• _The task_: Copy exactly, no pictures: every line from the one that contains "Букет из 7 белых" through the end of the entries below.

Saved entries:
━━━━━━━━━━
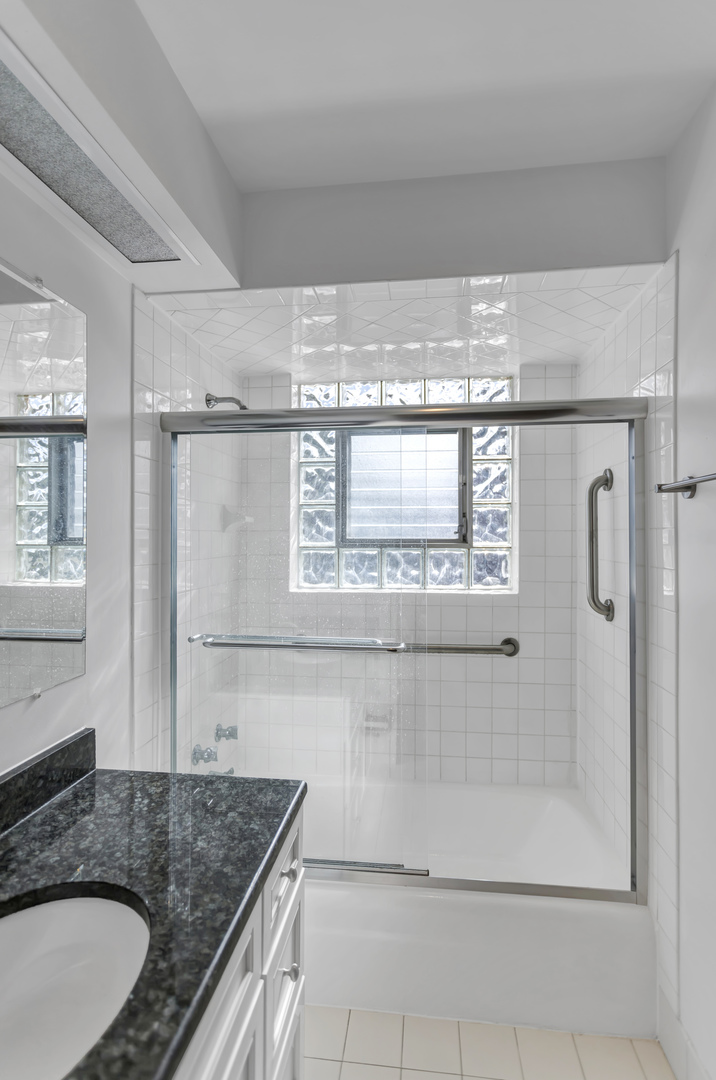 31 Green Oaks Drive Unit: B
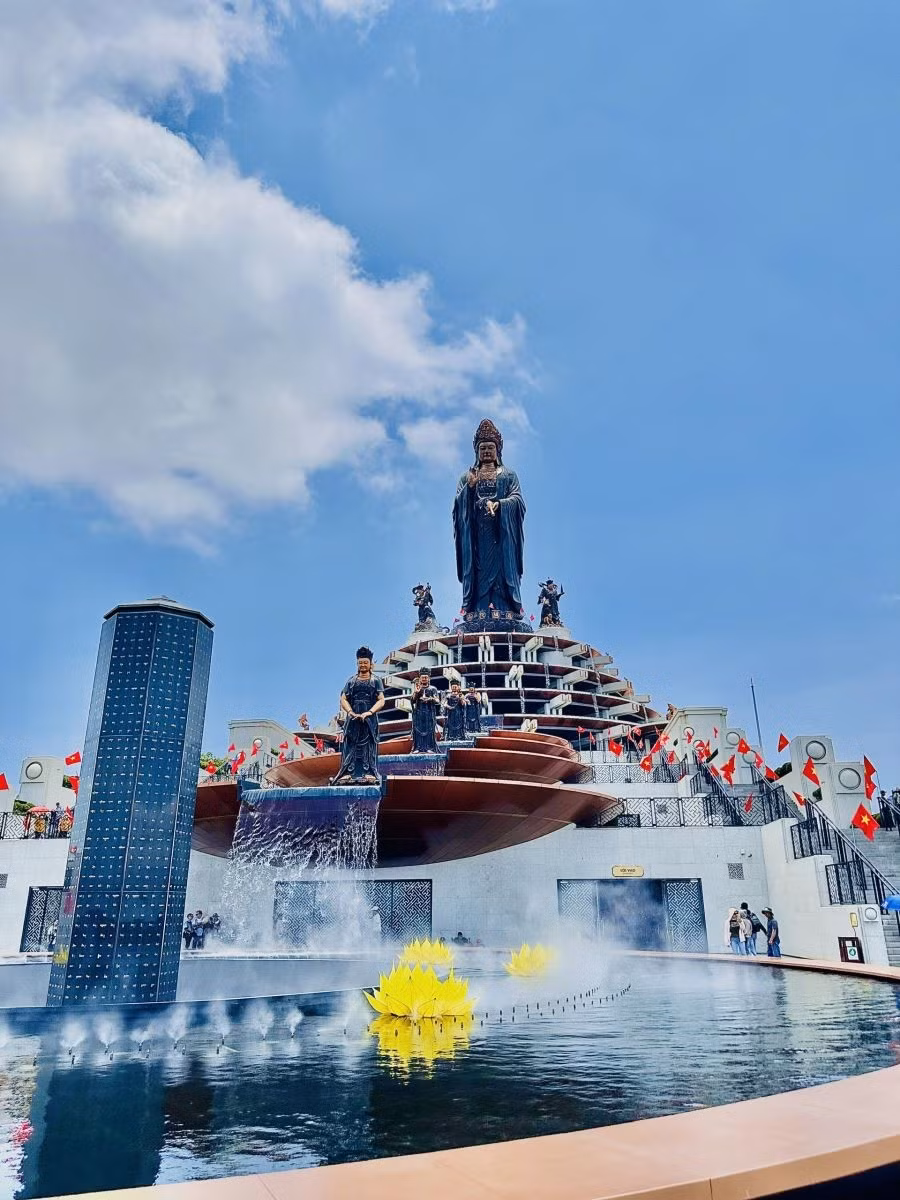 Núi Bà Đen Tây Ninh - một trong điểm du lịch tâm linh của Việt Nam.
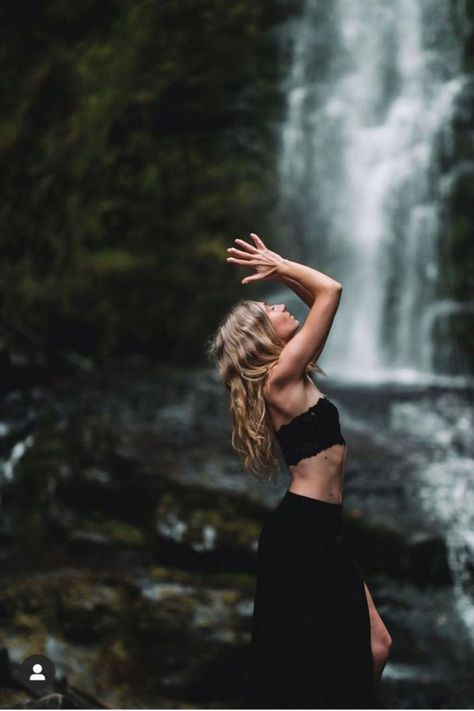 Yoga Photoshoot Ideas, Photo Yoga, Feminine Photography, Yoga Poses Photography, Yoga Photoshoot, Bouidor Photography, Waterfall Photo, Photography Artistic, Nature Goddess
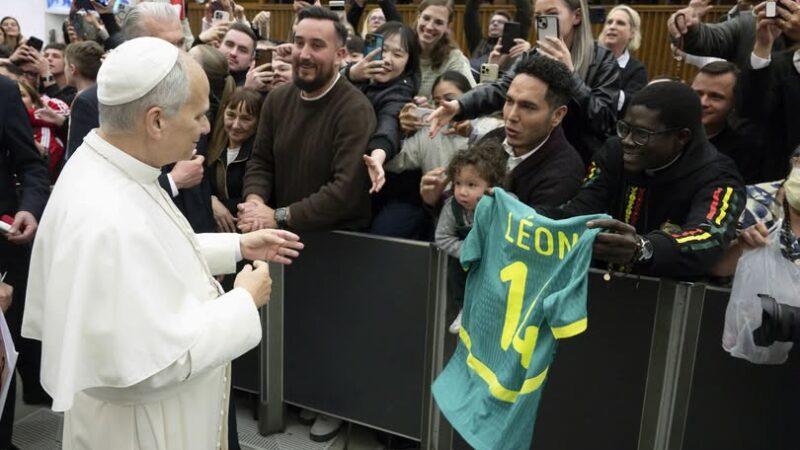 Arrêt sur image: le maillot des Lions offert au pape Léon XIV au Vatican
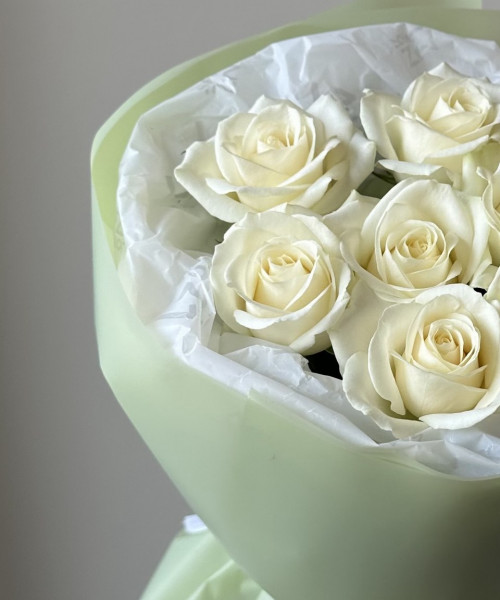 Букет из 7 белых роз 50 см #3721 - Цветочный21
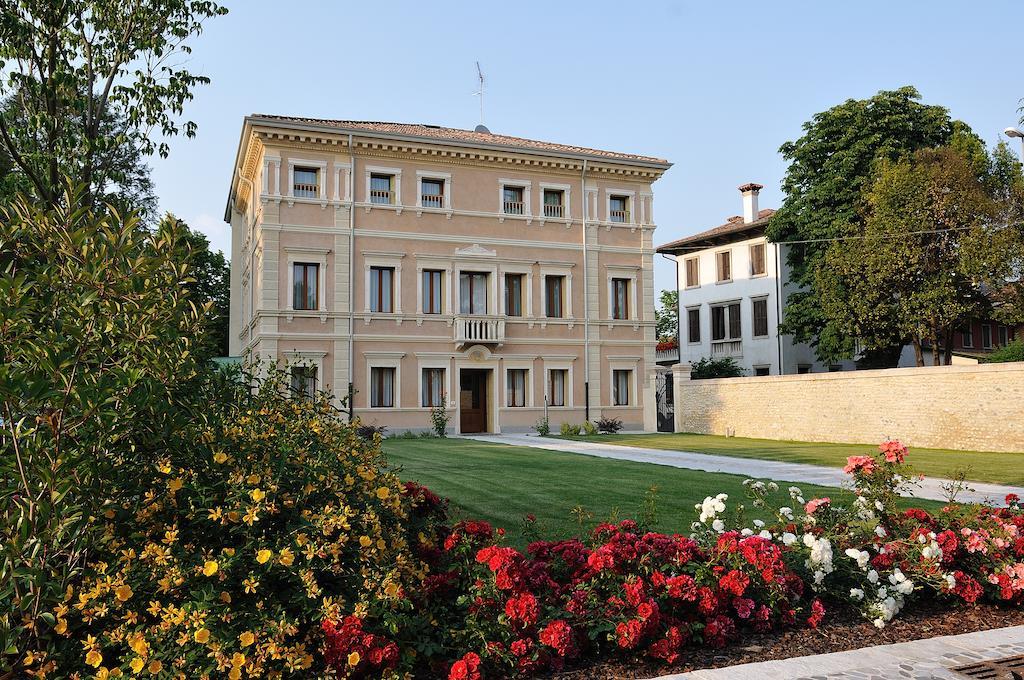 Hotel Villa Maternini Vazzola Exterior foto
━━━━━━━━━━
• _Exercise output_:
 Букет из 7 белых роз 50 см #3721 - Цветочный21
 Hotel Villa Maternini Vazzola Exterior foto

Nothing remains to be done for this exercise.